El pasado 10 de diciembre de 2014 entró en vigencia el Código Orgánico de Garantías Penales (COIP), si realizamos un análisis del catálogo de delitos existentes y en especial lo que se especifican en el capítulo seis del mencionado cuerpo legal, nos daremos cuenta que el delito de terrorismo organizado ha dejado de existir, lo que significa que para el legislador esa figura delictiva ha dejado de tener validez histórica, por lo cual ha quedado eliminada.

 

Segú los principios de favorabilidad y legalidad, al no existir en el ordenamiento jurídico actual esta conducta tipificada como delito, los jueces deben velar por los derechos del procesado. Ya que, como lo indica el penalista Ramiro García en su obra Comentarios al Código Orgánico Integral Penal: “El Estado de derecho establece mecanismos para la protección de sus ciudadanos y de la misma manera, crea instrumentos para limitar el poder punitivo y evitar la arbitrariedad. Entre los instrumentos que la dogmática ha creado para ello están los límites materiales y formales. Entre los límites materiales tenemos a los de intervención, protección de bienes jurídicos y de la dignidad de la persona. (...) Entre los límites formales se reconoce como el principal al principio de legalidad, el mismo que es considerado como garantía de valor inapreciable que concurre a definir el Estado de Derecho y desterrar el arbitrio autoritario; además de este, algunos tratadistas añaden el de juicio legal y ejecución legal. El principio de legalidad establece exigencias, tanto al legislador como al juez, pues para que una sanción se aplique, se requiere de ley expresa (lex scripta), previa (lex praevia), general (lex certa) y prohibición de toda analogía (lex stricta) (...). Podemos entonces concluir que por más nociva que nos parezca una conducta, esta no podrá ser tomada como motivo de sanción penal si no se encuentra establecida legalmente como conducta reprochable (...).
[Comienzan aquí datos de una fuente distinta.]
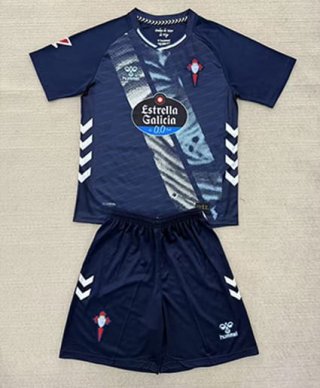 Maillot de football enfant Celta de Vigo extérieur 2025-2026 bleu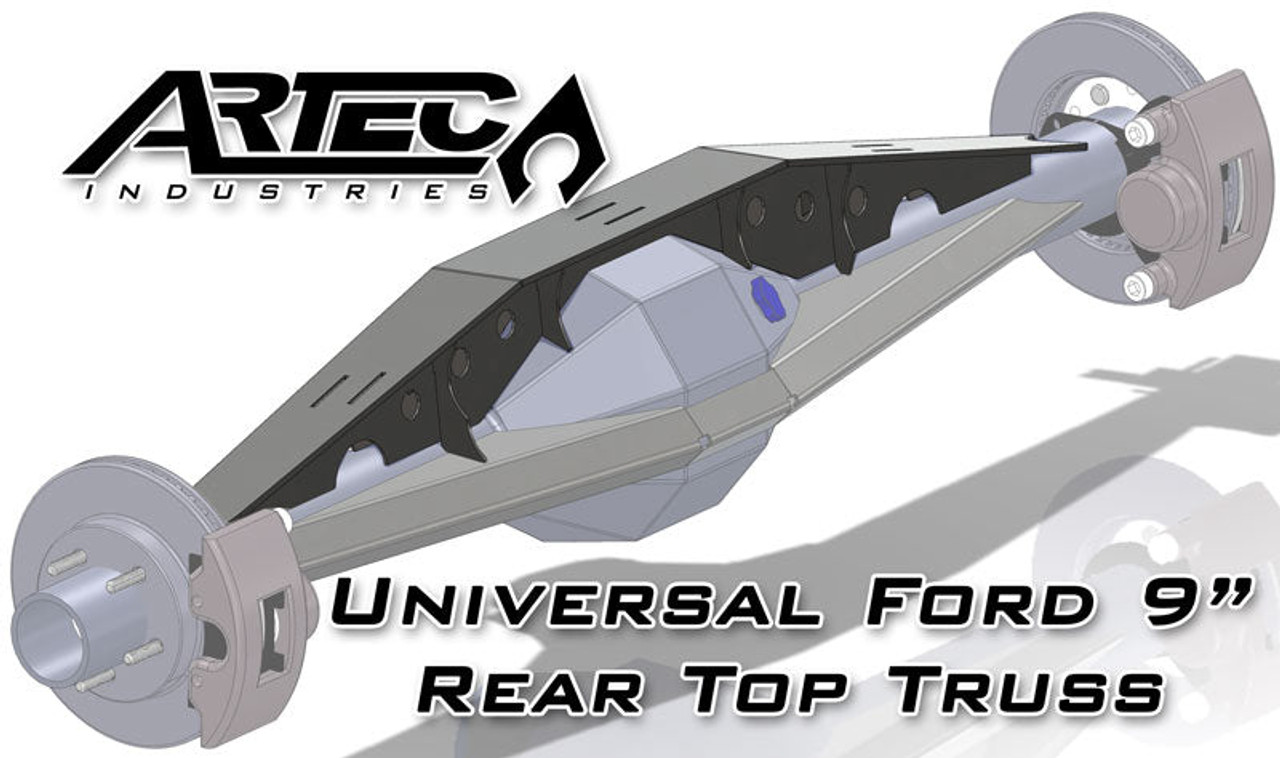 9 Inch Rear Universal Top Truss, Ford, Rear, 3.5 Inch Tube | TR0902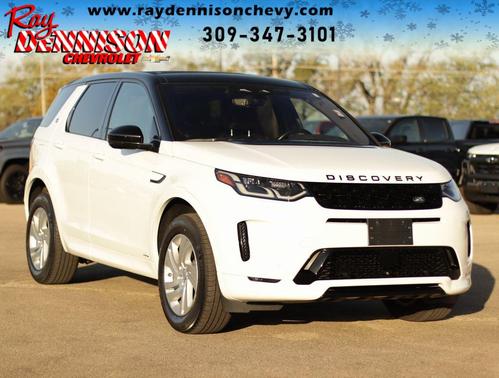 2021 Land Rover Discovery Sport S R-Dynamic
La obligación de expresar legalmente el tipo penal y la pena traen como consecuencia el desarrollar con exactitud y claridad los términos de la imputación; esto significa que la norma debe ser escrita, tener el rango de ley, emanada del poder legislativo constitucional y democráticamente elegido, excluyendo de esta manera la costumbre. (...).”

 

Como podemos ver, los cargos presentados por la defensa contra la sentencia que condena a un año de prisión a los jóvenes dirigentes sociales conocidos como 10 de Luluncoto, cuestionan la justeza y legalidad de la misma, la Corte Nacional de Justicia tiene hoy la posibilidad de rectificar esta injusticia o ratificar la misma y asumir junto con los otros jueces la responsabilidad internacional por violación a los derechos humanos.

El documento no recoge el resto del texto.